Bob Ross said the show was not fantastic but good enough when he sold five sets of moose antlers ranging in price from $100 to $250. The great wooden sign reading “Sunshine” did not sell, but several paddles sold, and an iron boot scraper with a pair of eagles sold for $240. Several small items ranging from $10 to $200 also sold to late buyers.
Dave Kittredge said, “I think I was the only dealer who brought a full zebra rug, and while it attracted a lot of attention, I wound up bringing it home. I guess zebras aren’t too popular in the Adirondacks. All in all it was a good show with great people. Folks showed a lot of interest but were careful in their large purchases.”
Bob Loden said he was very happy but had been set up only for Thursday and Friday. “Friday night was pretty good. I didn’t sell any of my Indian arrowhead collections, but I did sell an ax/Celt hand tool; several pre-1900 rods and reels; several hand-forged traps, ranging in price from fifty to five hundred dollars and two oil paintings, one of a pheasant, the other of a woodcock, also called a timberdoodle. I found that once sales were over two hundred dollars, they were met with resistance. We did not have the impulse buyers, and I think there was a limited amount of money that people felt they could spend.”
Andrea Wasmund of Orchard Park, New York, seemed to be the only dealer who brought antique and collectible dolls to the show. “I did very well the first two days and sold several of my Skookum dolls and had several repeat customers from last year who were adding to their collection.”
Jim Worcester said he didn’t bring a lot of furniture from his shop in Antrim, New Hampshire, but sold several paddles and decoys and was looking forward to a “be-back” customer, who was interested in his large table priced at $450. “We had a pretty good show at the beginning of the week, then it slowed down on Thursday but picked up over the weekend.
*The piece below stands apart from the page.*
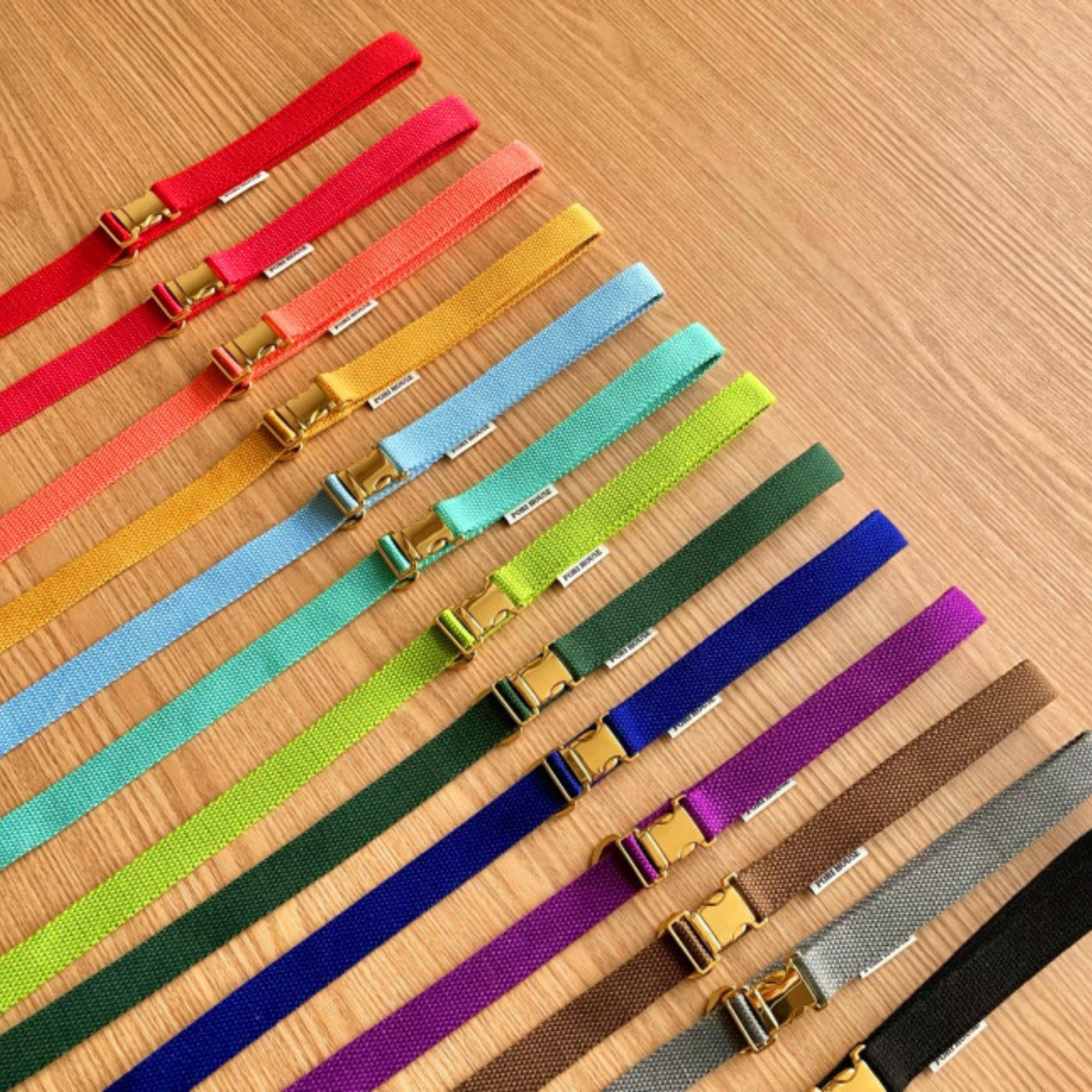 palette leash〈グリーン・ベーシック系〉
It’s difficult to do a long show, particularly when many people are looking at items but don’t have the enthusiasm to purchase them. I would say there was no impulse buying in my booth at least.”
Deborah Heck of Washington, New York, said she was surprised at the number of people who were not interested in the country items but wanted to see her one little of tray of jewelry. She replenished the tray several times, and we witnessed a gentleman who said, “I will take the whole tray.” Unfortunately, we never had an opportunity to see everything that was on display in that particular tray, but we did see Indian beads and several men’s tie clasps with fishing, hunting, or other related sports images.
Most dealers are anxious to see what is going to happen in 2014 when the Indian Lake show will be a weeklong event held September 16-21, and the Adirondack Museum Show in Blue Mountain Lake will be held on Saturday, September 20, and Sunday, September 21.
For more information, visit (www.adkantiques.com).
Jim Worcester of Antrim, New Hampshire, was proud of his Winchester sign priced at $400. He also had a British Columbia signed totem for $495, a wall box for $275, a plain paddle for $125, and a large one-drawer table for $450. Decoys included one by Fred Gardner for $65, a red-headed hen, probably made for Abercrombie and Fitch, for $175, and a large Monhegan eider decoy carved by Marty Collins in the Gus Wilson style for $1160. A paddle painted with a fish was $145; an Indian creel, $300; a storage box, $350; a silk trade cloth strap, $795; a small quill box, $350; and a weird wood box, $45.